How do I know it opened Wednesday? Well, just because I generally follow these things, as do you I'm sure.
But also because of the billboard I saw yesterday, which is what I'm writing about today.
I took a detour to avoid traffic that brought me through my old neighborhood. Down a sloping stretch of Sepulveda Boulevard near the Howard Hughes Center, there's a digital billboard that frequently advertises the arrival of new films, often counting down the number of days until they hit theaters.
Usually these are for movies featuring superheroes, or other things that make people go geek-crazy.
Yesterday, it was for Hope Springs. But since the movie had already opened, it said simply:
Hope Springs
Now
This made me chuckle. "Hope Springs, Now playing," sure. "The Dark Knight Rises, Now," sure.
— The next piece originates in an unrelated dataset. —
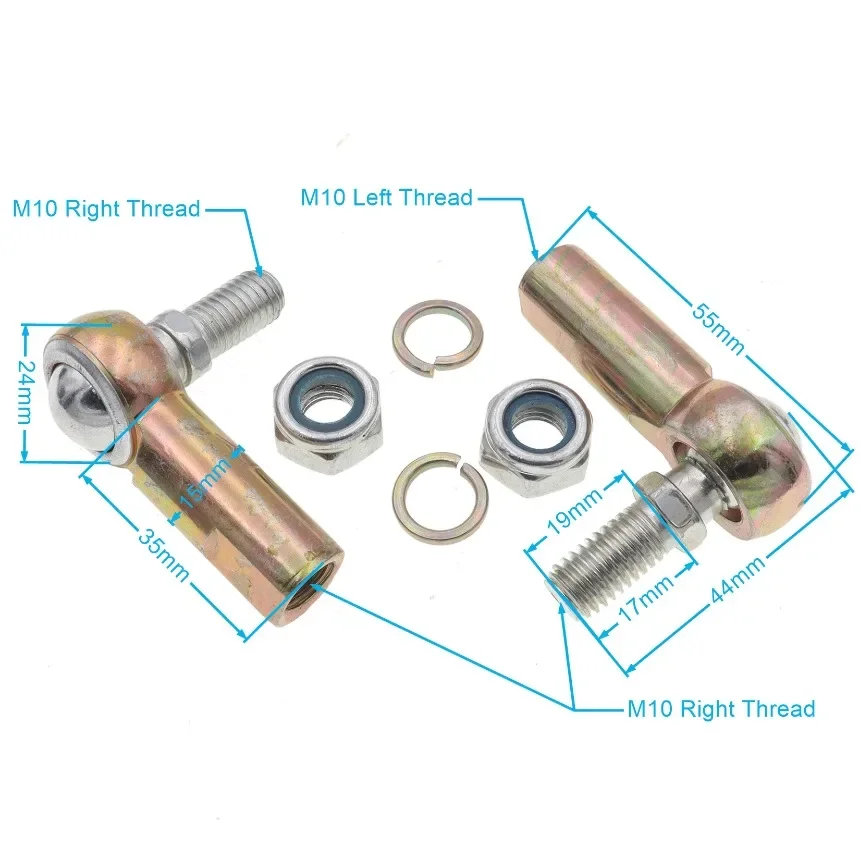 1 par m8/m10 rosca esquerda direita junta esférica tirante final apto para 47cc 49cc mini chinês quad atv bicicleta 1 conjunto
But "Hope Springs, Now"? That's a bit of a misread of the intended demographic of this movie and the kind of advertising psychology that speaks to it.
Let's imagine it ...
Seventeen-year-old kid with messy hair rolls down Sepulveda Boulevard in his mom's Dodge Caravan.
Sign: Hope Springs
Kid: "Oh shit! Hope Springs! I am all over that shit. When does it open?"
Sign: Now
Kid: "Oh my God. It's already open. Ho-lee shit."
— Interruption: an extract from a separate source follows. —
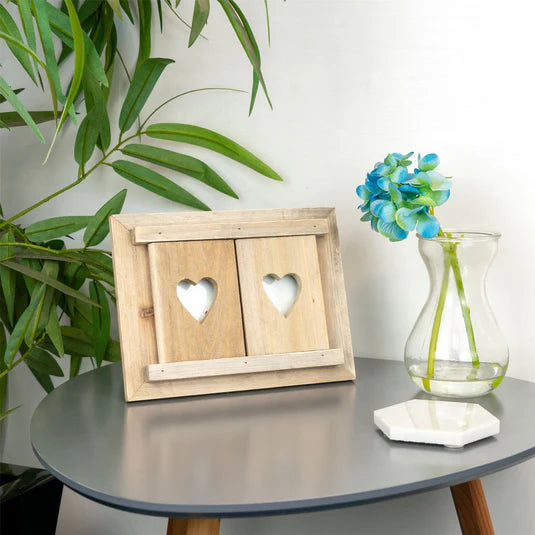 6" x 4" Wooden Hearts Shutter Photo Frame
Makes a hard right into the Howard Hughes Center -- brakes screeching, tires smoking -- to plunk down cash for the next showing at Rave Cinemas.
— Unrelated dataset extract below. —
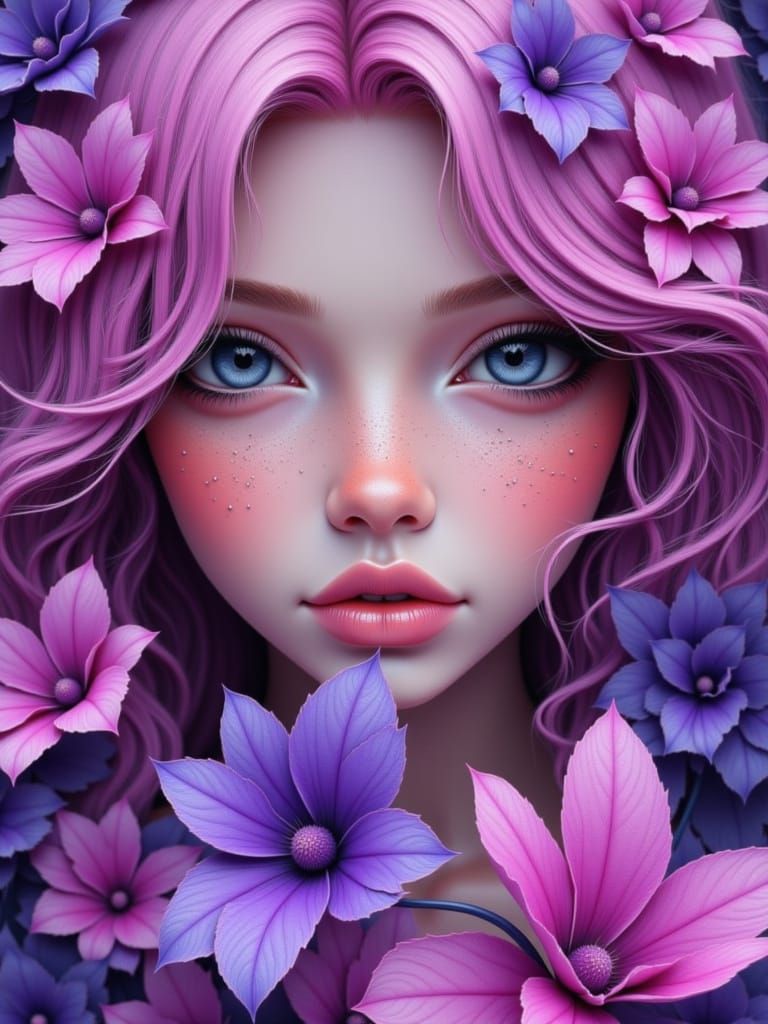 <lora:Midjourney girls:1.0> female, purple, pink flowers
"Now" basically implies such rash behavior. "If you wanted to, you could go see this movie RIGHT NOW." It's the language of addiction, which seems like a bit of a disconnect with the retirees most likely to spend their pensions on a ticket.
I'm just wondering why "Now" isn't late December. With its two aging stars and romantic comedy trappings, Hope Springs has all the hallmarks of this year's Nancy Meyers movie, which means it would come out at Christmas (see here for a fuller discussion). Or at the very least, it could come out in April to have a tie-in with the title.
Well, we'll see after this weekend whether the great Meryl Streep and a bold stroke of counter-programming pay dividends at the box office.